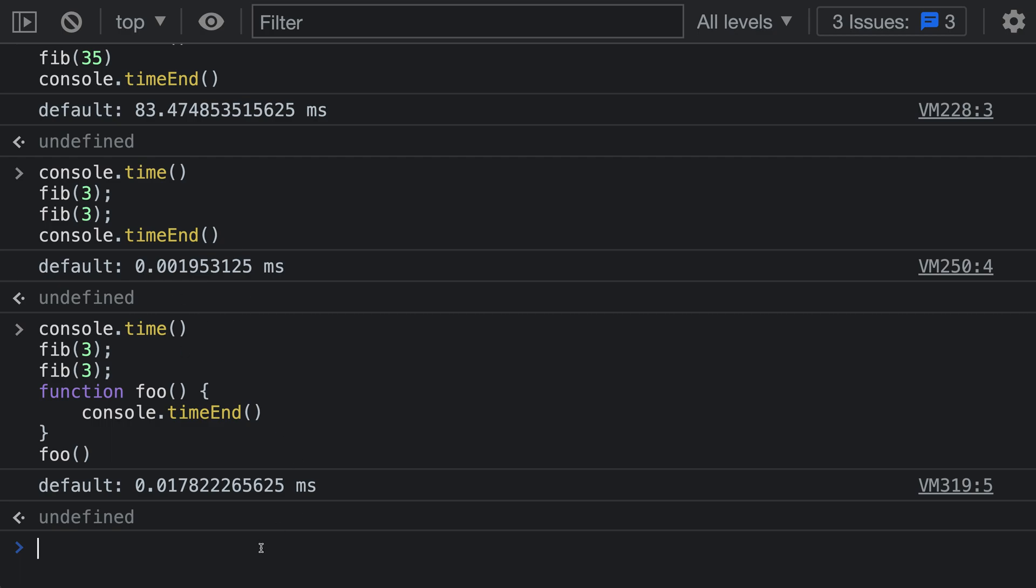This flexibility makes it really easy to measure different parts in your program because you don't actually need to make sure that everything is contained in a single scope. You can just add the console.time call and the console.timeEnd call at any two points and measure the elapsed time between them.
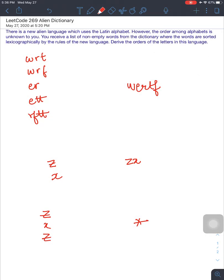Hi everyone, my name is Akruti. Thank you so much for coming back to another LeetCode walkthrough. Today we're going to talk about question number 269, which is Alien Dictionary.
...
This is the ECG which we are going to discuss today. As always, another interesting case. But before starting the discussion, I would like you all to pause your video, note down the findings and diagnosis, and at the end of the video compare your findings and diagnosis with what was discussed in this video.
---
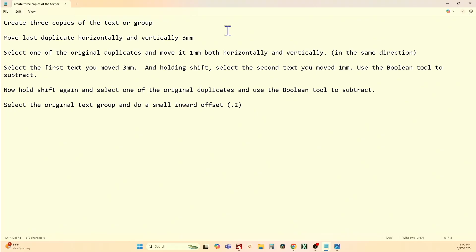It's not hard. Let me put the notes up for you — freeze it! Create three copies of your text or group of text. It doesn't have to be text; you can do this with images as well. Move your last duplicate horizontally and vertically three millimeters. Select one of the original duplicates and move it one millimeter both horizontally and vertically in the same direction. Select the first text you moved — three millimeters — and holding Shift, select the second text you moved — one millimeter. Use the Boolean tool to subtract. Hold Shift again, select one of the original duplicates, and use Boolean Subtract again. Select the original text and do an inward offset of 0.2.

# [Your instructions]
Within the listing above, find the line containing "This flexibility makes" and the line containing "Hi everyone, my". Transcribe them and everything between them exactly, leaving out the pictures.

# [Response to this exercise]
This flexibility makes it really easy to measure different parts in your program because you don't actually need to make sure that everything is contained in a single scope. You can just add the console.time call and the console.timeEnd call at any two points and measure the elapsed time between them.
Hi everyone, my name is Akruti. Thank you so much for coming back to another LeetCode walkthrough. Today we're going to talk about question number 269, which is Alien Dictionary.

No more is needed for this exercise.